Here’s the movie’s premise. Chris Parker plans a romantic evening with her boyfriend, but when her date backs out, she’s stuck babysitting three bratty kids. Chris’s crazy best friend goes off the deep end, runs away to the city, and then calls Chris to rescue her. What else can Chris do but load the kids into her mom’s car and take off on an adventure?

Along the way, the car gets a flat, and Chris and the kids hitch a ride in a tow truck but end up at chop shop. They befriend an amiable car thief, who tries to save them, but they find themselves moving targets of ruthless
thugs. Their only means of escape is to duck in a back alley door, the entrance to a hardcore Chicago blues club.

The four find themselves on stage, and as blues guitarist Albert Collins tells them, “Nobody gets outta this place without singing the blues.”

Sometimes that’s all any of us can do. When life goes from bad to worse, we have to sing. And sometimes the singing or the situation is so bad, we have to laugh to keep from crying.
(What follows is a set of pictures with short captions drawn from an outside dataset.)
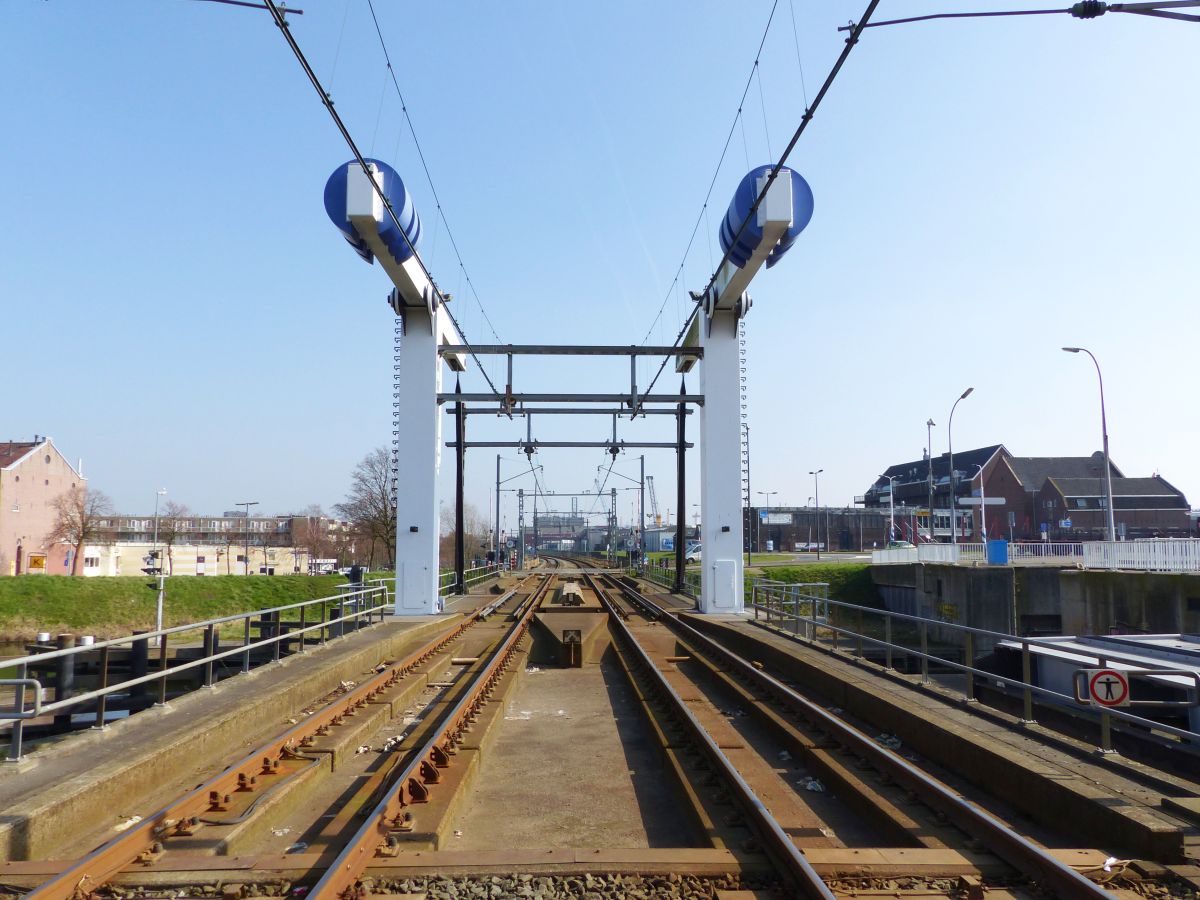 Eisenbahnbrcke  Delflandse Buitensluis , Vlaardingen 16-03-2017. 

Spoorbrug over de Delflandse Buitensluis, Vlaardingen 16-03-2017.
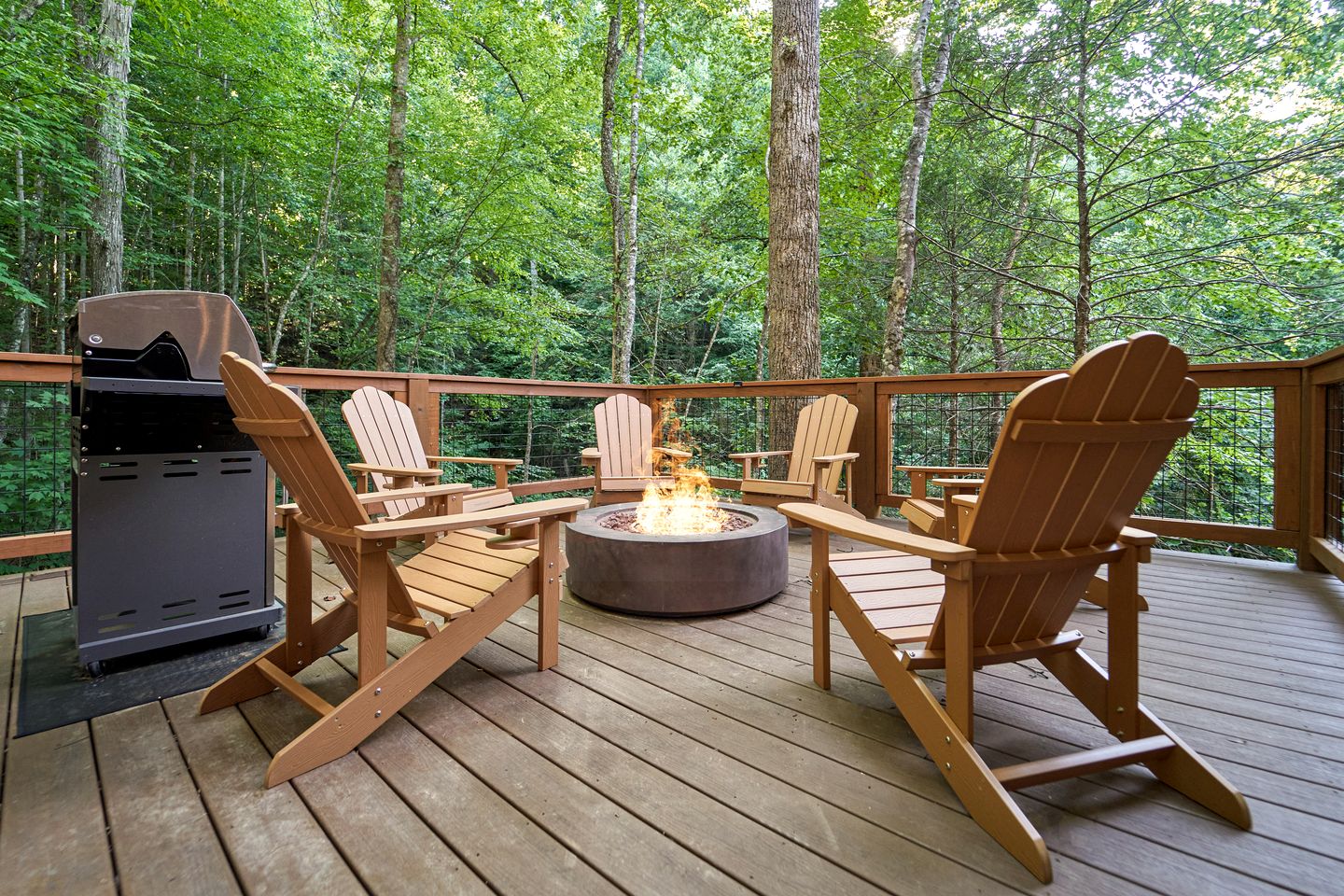 Exquisite Getaway Cabin with Hot Tub, Pool Table, and Movie Theater near Gatlinburg, Tennessee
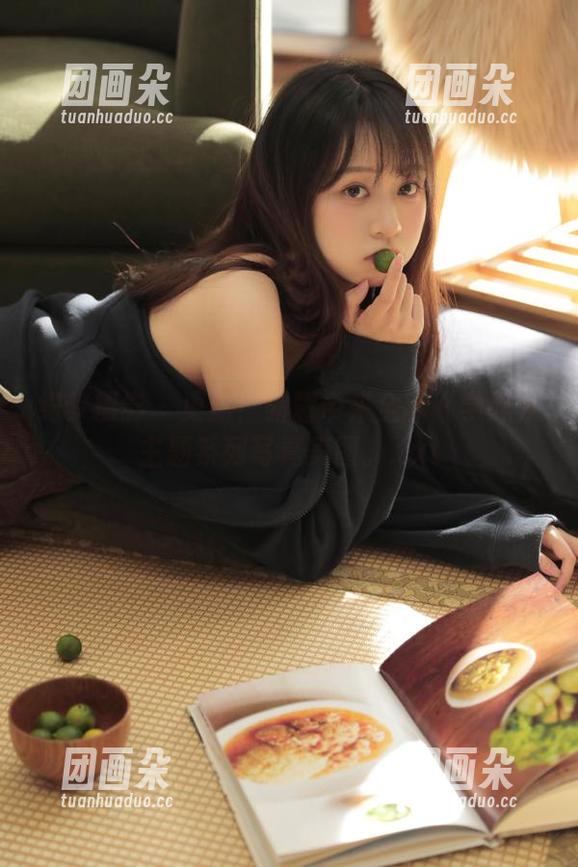 绮梦摄影 - 更新！露露带来全新《学妹》主题系列写真美图。.txt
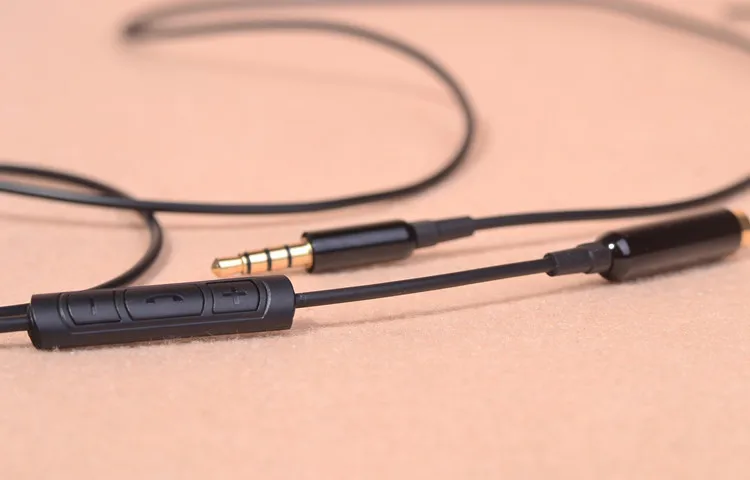3.5mm Audio Headset with Mic Microphone 1.2m Extension Cable Headphone Adapter Microphone for PC Laptap for Iphone MP3 4
3.5mm Audio Headset with Mic Microphone 1.2m Extension Cable Headphone Adapter Microphone for PC Laptap for Iphone MP3 4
Chris Parker and I have a lot in common.

Just recently I found myself lost in a big city with my crazy friend. I had signed up for a SCBWI conference as a writer and talked my illustrator friend into going to share the costs and the fun. We had Saturday evening free, so we signed with other conference attendees for a walking tour around downtown Nashville. We rode to the rour with one of the organizers.

The tour took us to several legendary sites, including the Capitol and the oldest church downtown. But then our guide led us to the notorious Printer’s Alley, the site where a man named Skull ran his business and walked his painted pink poodles until the day he was murdered.
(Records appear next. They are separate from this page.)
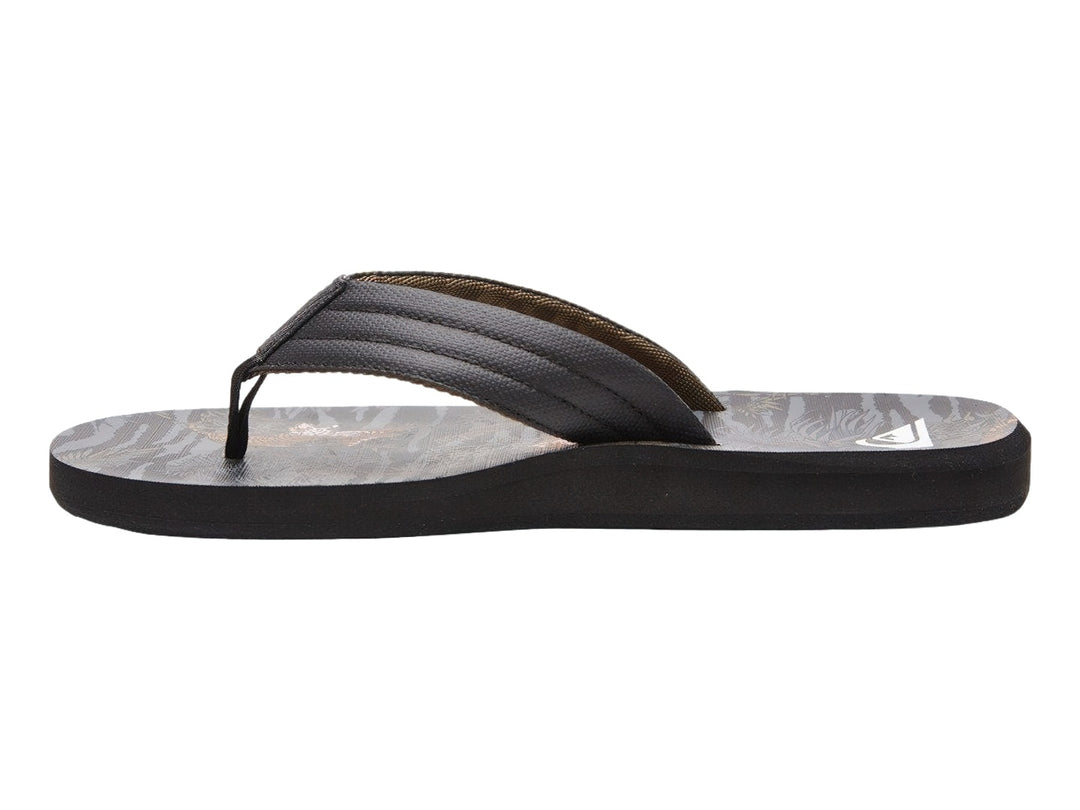 Sandalias Quiksilver color negro con estampado gris en la plantilla y tiras negras.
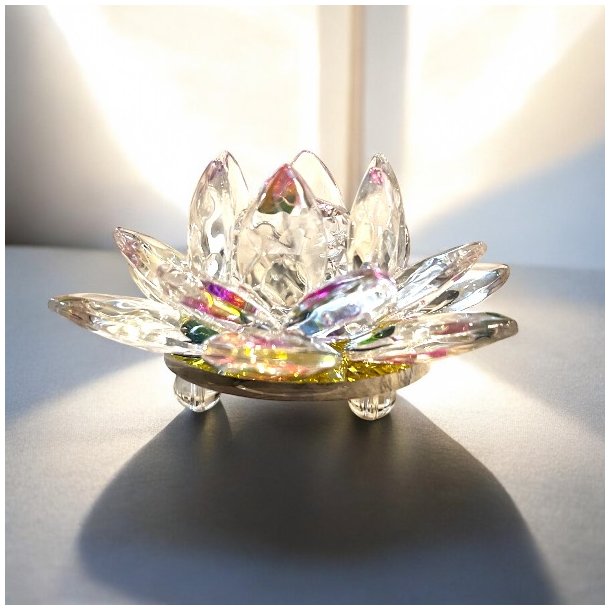 Feng Shui lotusblomst 8,5 cm med glasprismer � skab harmoni, lys og spirituel balance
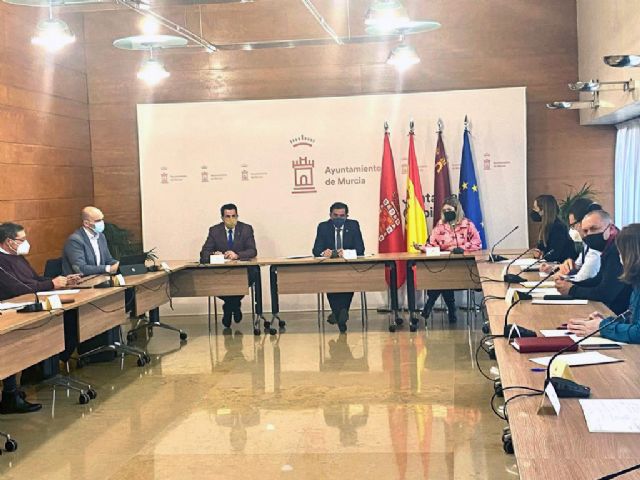 El Ayuntamiento pone a disposición de la ciudadanía un servicio directo de atención al refugiado para recibir ayudas - 1, Foto 1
Everyone in our tour took turns taking pictures of the entrance to Skull’s now defunct club. My friend I obliged several passers-by and took their photos so that they’d have a souvenir of their trip. We were so pleased to help others that we lost track of our group. They left us.

Panic.

We were lost on Printer’s Alley with no clue how we got there and no clue how to get back to our hotel, which was too far away for walking.
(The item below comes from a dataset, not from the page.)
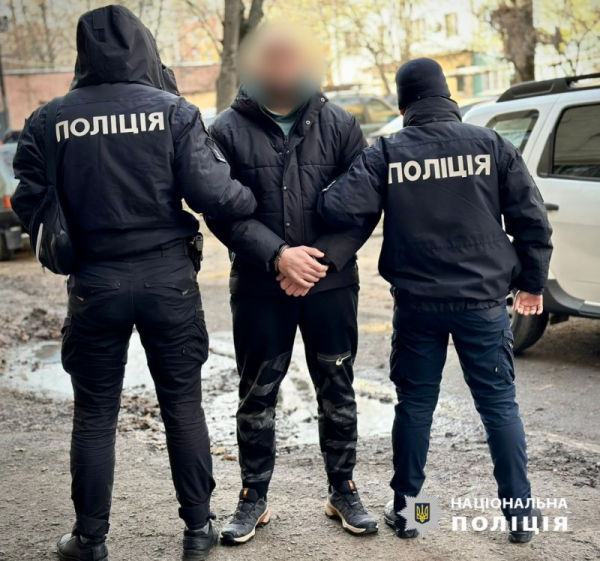 В Одесі затримали командира військової частини, який забирав у підлеглих третину зарплати1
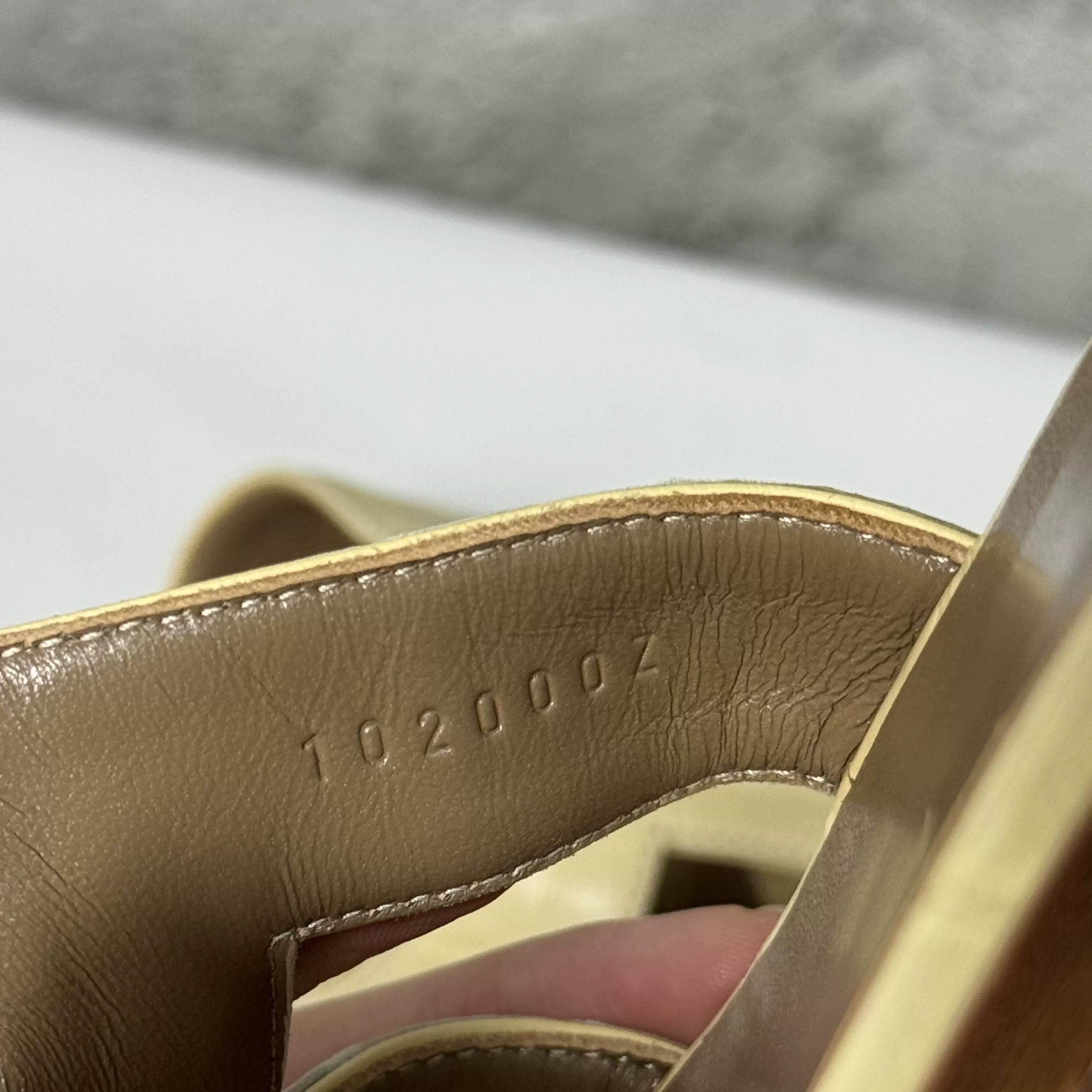 Hermes Hermes Oran Sandals Size 38 Size US 8 / IT 38 - 10 Thumbnail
But I remembered our tour guide saying the tour would end at the Ryman Auditorium. All we had to do was find it. My friend and I serpentined from one back alley to another and found our way to a main street. We could see our group standing in front of the Ryman, and we ran to them.

When we finally made it back to our hotel, we were famished. The polite man working the front desk showed us the hotel restaurant, the bar, and the tiny pantry/ convenience store. My friend headed straight for the pantry’s
freezer and Ben and Jerry’s.

But I was feeling rather sassy and proud of myself for having saved the day with my keen navigational senses. (My friend’s story may differ, but this is MY POV.) Anyway, when the man asked me what I wanted I slapped the
desk and smiled big and boldly said, “I want me some chocolate.”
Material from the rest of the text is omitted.